Mais la grande majorité des fonctionnaires – qui s’occupent du travail courant et non classifié du gouvernement – ne signent pas de NDA, dit Limon, bien qu’ils soient soumis à de nombreuses restrictions sur la manière dont ils traitent les informations de l’agence.
Selon le projet de règle, les agences pourraient décider elles-mêmes si elles souhaitent recourir aux nouveaux accords. Pourtant, une pression à l’échelle du gouvernement en faveur des NDA serait sans précédent.
« Ce serait absolument une grosse affaire », déclare Limon. « La manière dont ils ont été utilisés a été très, très limitée. »
Selon le projet de règle, la NDA couvrirait les informations « relatives aux opérations internes de l’agence, aux questions de personnel, aux processus de passation de marchés ou à tout document sensible, prédécisionnel ou délibératif qui n’est pas actuellement accessible au public et ne devrait pas être divulgué en vertu de la loi applicable ».
Limon craint qu’un langage aussi large décourage les employés fédéraux de faire des divulgations légales en vertu de la loi sur la protection des lanceurs d’alerte.

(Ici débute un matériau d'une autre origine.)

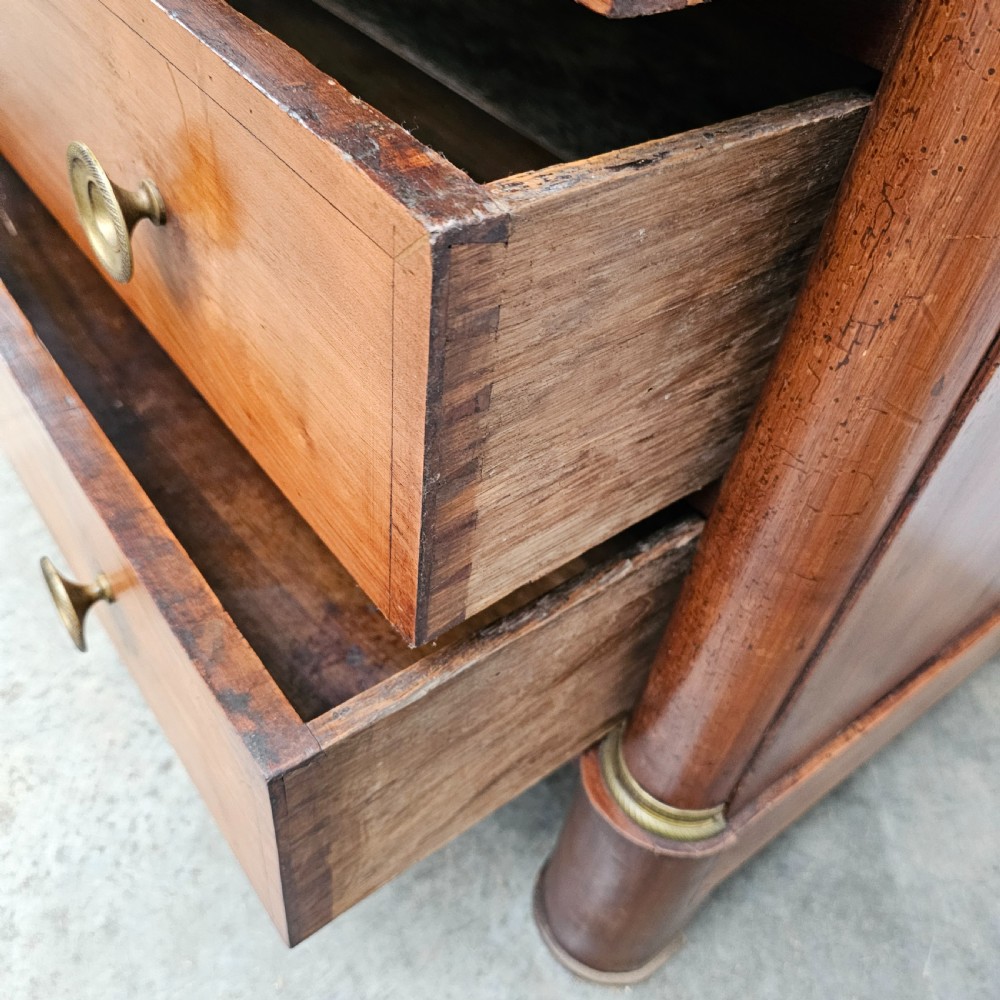 A French Empire warm brown timber chest of drawers featuring four drawers, flanking columns with brass mounts, brass knobs, and a black marble top. View V
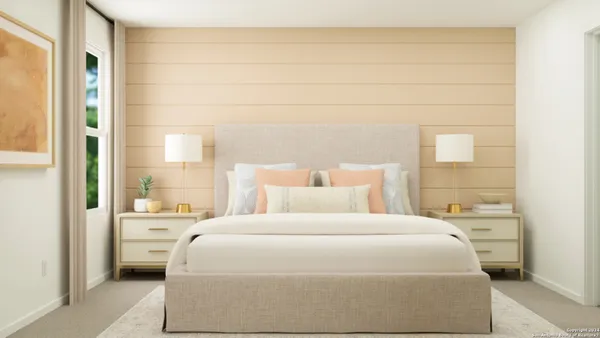 a bedroom with a bed and a window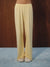 Yellow and white striped wide-leg lounge pants worn by a model, paired with beige slippers, standing on a blue carpet against a dark wood panel background.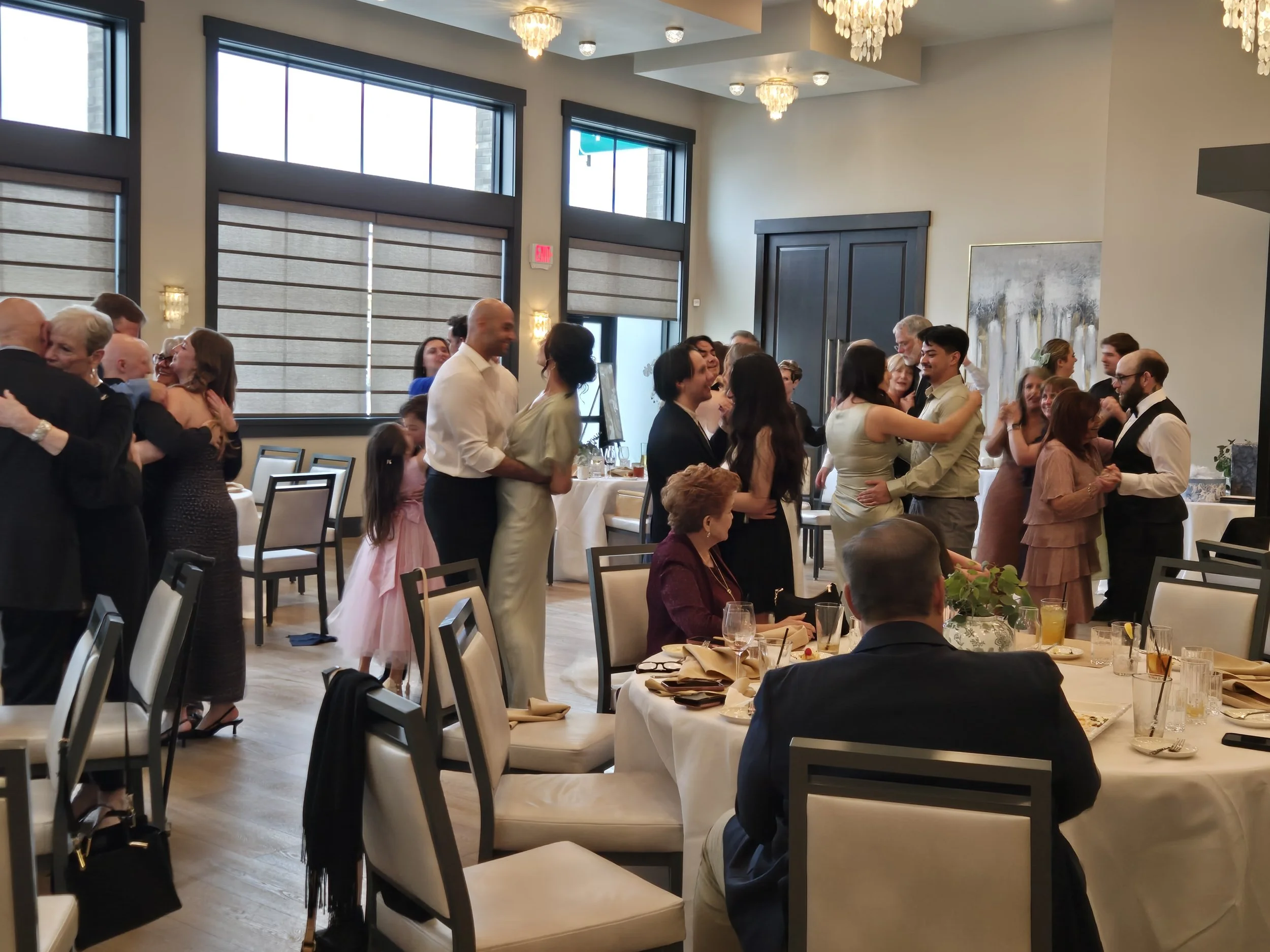 Group of people dancing at a wedding that utilized DJ Shivers as their wedding DJ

Cette loi protège les employés fédéraux contre les représailles s’ils signalent des actes répréhensibles du gouvernement, tels que des fraudes, des gaspillages ou des abus.
Dans le projet de règle, l’OPM affirme que les employés fédéraux auront toujours le droit de divulguer des informations en cas de dénonciation, mais Limon reste prudent.
« Je pense simplement que cela va créer beaucoup plus de confusion que nécessaire », dit-il.
L’avis du public est sollicité sur les sanctions
L’administration a invité le public à se prononcer sur un certain nombre de questions liées au projet de règle, notamment quelles mesures le gouvernement devrait prendre contre les employés – nouveaux ou existants – qui refusent de signer une NDA.
Dans un projet de règle distinct proposé l’année dernière, l’OPM a suggéré que le fait de ne pas signer une NDA pourrait entraîner le licenciement ou l’exclusion d’un emploi futur au sein du gouvernement fédéral.